**Records**.
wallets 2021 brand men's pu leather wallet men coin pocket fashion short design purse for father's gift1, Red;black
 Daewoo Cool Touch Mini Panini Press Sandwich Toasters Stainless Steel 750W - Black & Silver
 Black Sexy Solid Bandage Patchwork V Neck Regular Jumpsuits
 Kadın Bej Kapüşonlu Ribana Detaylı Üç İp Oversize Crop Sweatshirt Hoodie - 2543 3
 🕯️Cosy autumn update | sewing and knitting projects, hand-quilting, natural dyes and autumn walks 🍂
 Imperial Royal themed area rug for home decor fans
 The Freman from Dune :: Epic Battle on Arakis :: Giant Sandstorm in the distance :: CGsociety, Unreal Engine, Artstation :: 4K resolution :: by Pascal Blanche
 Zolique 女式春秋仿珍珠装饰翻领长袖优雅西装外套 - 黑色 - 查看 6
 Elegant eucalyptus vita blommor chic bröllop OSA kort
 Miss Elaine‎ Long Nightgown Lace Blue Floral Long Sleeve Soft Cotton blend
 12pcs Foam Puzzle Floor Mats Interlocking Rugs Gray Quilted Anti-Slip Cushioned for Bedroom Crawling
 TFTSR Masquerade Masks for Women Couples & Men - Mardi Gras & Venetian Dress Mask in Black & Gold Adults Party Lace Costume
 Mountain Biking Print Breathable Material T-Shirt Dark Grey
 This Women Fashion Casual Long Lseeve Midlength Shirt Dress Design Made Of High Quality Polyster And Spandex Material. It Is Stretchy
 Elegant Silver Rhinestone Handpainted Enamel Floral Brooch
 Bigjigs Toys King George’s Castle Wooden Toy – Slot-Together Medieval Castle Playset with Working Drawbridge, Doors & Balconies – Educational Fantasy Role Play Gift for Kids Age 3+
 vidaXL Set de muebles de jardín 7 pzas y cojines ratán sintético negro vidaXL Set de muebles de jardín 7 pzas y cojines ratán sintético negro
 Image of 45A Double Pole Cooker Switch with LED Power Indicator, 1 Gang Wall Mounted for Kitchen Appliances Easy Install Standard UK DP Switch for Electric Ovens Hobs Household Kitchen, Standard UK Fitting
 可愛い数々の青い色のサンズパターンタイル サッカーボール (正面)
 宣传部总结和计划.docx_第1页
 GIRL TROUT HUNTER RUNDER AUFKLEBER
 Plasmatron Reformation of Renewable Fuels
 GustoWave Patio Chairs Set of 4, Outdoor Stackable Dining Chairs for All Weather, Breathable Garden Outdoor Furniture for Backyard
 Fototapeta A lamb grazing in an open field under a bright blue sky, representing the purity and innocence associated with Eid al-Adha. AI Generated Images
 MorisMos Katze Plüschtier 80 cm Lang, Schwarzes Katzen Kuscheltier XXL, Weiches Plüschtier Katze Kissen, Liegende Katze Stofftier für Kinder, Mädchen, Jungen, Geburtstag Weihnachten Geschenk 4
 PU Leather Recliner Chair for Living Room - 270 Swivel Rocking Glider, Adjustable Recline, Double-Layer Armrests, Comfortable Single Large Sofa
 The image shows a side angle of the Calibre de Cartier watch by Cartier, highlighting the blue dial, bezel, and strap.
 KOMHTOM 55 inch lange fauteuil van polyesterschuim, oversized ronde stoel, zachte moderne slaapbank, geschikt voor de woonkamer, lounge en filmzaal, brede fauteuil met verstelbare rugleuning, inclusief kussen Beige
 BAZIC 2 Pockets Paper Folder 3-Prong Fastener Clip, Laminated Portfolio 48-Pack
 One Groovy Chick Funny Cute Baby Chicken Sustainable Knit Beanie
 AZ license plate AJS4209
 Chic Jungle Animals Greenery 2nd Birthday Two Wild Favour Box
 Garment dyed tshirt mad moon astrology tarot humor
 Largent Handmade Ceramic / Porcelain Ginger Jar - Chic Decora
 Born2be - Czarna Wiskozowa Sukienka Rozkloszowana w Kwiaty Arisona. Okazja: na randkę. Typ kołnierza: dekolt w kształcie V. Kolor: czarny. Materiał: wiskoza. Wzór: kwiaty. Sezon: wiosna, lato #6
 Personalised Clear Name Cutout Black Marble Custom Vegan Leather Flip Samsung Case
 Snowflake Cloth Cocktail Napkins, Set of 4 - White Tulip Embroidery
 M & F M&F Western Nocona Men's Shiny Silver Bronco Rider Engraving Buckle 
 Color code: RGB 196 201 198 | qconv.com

**Assignment**.
Every entry shown above should be transcribed without alteration.

**Solution to this problem**.
wallets 2021 brand men's pu leather wallet men coin pocket fashion short design purse for father's gift1, Red;black
 Daewoo Cool Touch Mini Panini Press Sandwich Toasters Stainless Steel 750W - Black & Silver
 Black Sexy Solid Bandage Patchwork V Neck Regular Jumpsuits
 Kadın Bej Kapüşonlu Ribana Detaylı Üç İp Oversize Crop Sweatshirt Hoodie - 2543 3
 🕯️Cosy autumn update | sewing and knitting projects, hand-quilting, natural dyes and autumn walks 🍂
 Imperial Royal themed area rug for home decor fans
 The Freman from Dune :: Epic Battle on Arakis :: Giant Sandstorm in the distance :: CGsociety, Unreal Engine, Artstation :: 4K resolution :: by Pascal Blanche
 Zolique 女式春秋仿珍珠装饰翻领长袖优雅西装外套 - 黑色 - 查看 6
 Elegant eucalyptus vita blommor chic bröllop OSA kort
 Miss Elaine‎ Long Nightgown Lace Blue Floral Long Sleeve Soft Cotton blend
 12pcs Foam Puzzle Floor Mats Interlocking Rugs Gray Quilted Anti-Slip Cushioned for Bedroom Crawling
 TFTSR Masquerade Masks for Women Couples & Men - Mardi Gras & Venetian Dress Mask in Black & Gold Adults Party Lace Costume
 Mountain Biking Print Breathable Material T-Shirt Dark Grey
 This Women Fashion Casual Long Lseeve Midlength Shirt Dress Design Made Of High Quality Polyster And Spandex Material. It Is Stretchy
 Elegant Silver Rhinestone Handpainted Enamel Floral Brooch
 Bigjigs Toys King George’s Castle Wooden Toy – Slot-Together Medieval Castle Playset with Working Drawbridge, Doors & Balconies – Educational Fantasy Role Play Gift for Kids Age 3+
 vidaXL Set de muebles de jardín 7 pzas y cojines ratán sintético negro vidaXL Set de muebles de jardín 7 pzas y cojines ratán sintético negro
 Image of 45A Double Pole Cooker Switch with LED Power Indicator, 1 Gang Wall Mounted for Kitchen Appliances Easy Install Standard UK DP Switch for Electric Ovens Hobs Household Kitchen, Standard UK Fitting
 可愛い数々の青い色のサンズパターンタイル サッカーボール (正面)
 宣传部总结和计划.docx_第1页
 GIRL TROUT HUNTER RUNDER AUFKLEBER
 Plasmatron Reformation of Renewable Fuels
 GustoWave Patio Chairs Set of 4, Outdoor Stackable Dining Chairs for All Weather, Breathable Garden Outdoor Furniture for Backyard
 Fototapeta A lamb grazing in an open field under a bright blue sky, representing the purity and innocence associated with Eid al-Adha. AI Generated Images
 MorisMos Katze Plüschtier 80 cm Lang, Schwarzes Katzen Kuscheltier XXL, Weiches Plüschtier Katze Kissen, Liegende Katze Stofftier für Kinder, Mädchen, Jungen, Geburtstag Weihnachten Geschenk 4
 PU Leather Recliner Chair for Living Room - 270 Swivel Rocking Glider, Adjustable Recline, Double-Layer Armrests, Comfortable Single Large Sofa
 The image shows a side angle of the Calibre de Cartier watch by Cartier, highlighting the blue dial, bezel, and strap.
 KOMHTOM 55 inch lange fauteuil van polyesterschuim, oversized ronde stoel, zachte moderne slaapbank, geschikt voor de woonkamer, lounge en filmzaal, brede fauteuil met verstelbare rugleuning, inclusief kussen Beige
 BAZIC 2 Pockets Paper Folder 3-Prong Fastener Clip, Laminated Portfolio 48-Pack
 One Groovy Chick Funny Cute Baby Chicken Sustainable Knit Beanie
 AZ license plate AJS4209
 Chic Jungle Animals Greenery 2nd Birthday Two Wild Favour Box
 Garment dyed tshirt mad moon astrology tarot humor
 Largent Handmade Ceramic / Porcelain Ginger Jar - Chic Decora
 Born2be - Czarna Wiskozowa Sukienka Rozkloszowana w Kwiaty Arisona. Okazja: na randkę. Typ kołnierza: dekolt w kształcie V. Kolor: czarny. Materiał: wiskoza. Wzór: kwiaty. Sezon: wiosna, lato #6
 Personalised Clear Name Cutout Black Marble Custom Vegan Leather Flip Samsung Case
 Snowflake Cloth Cocktail Napkins, Set of 4 - White Tulip Embroidery
 M & F M&F Western Nocona Men's Shiny Silver Bronco Rider Engraving Buckle 
 Color code: RGB 196 201 198 | qconv.com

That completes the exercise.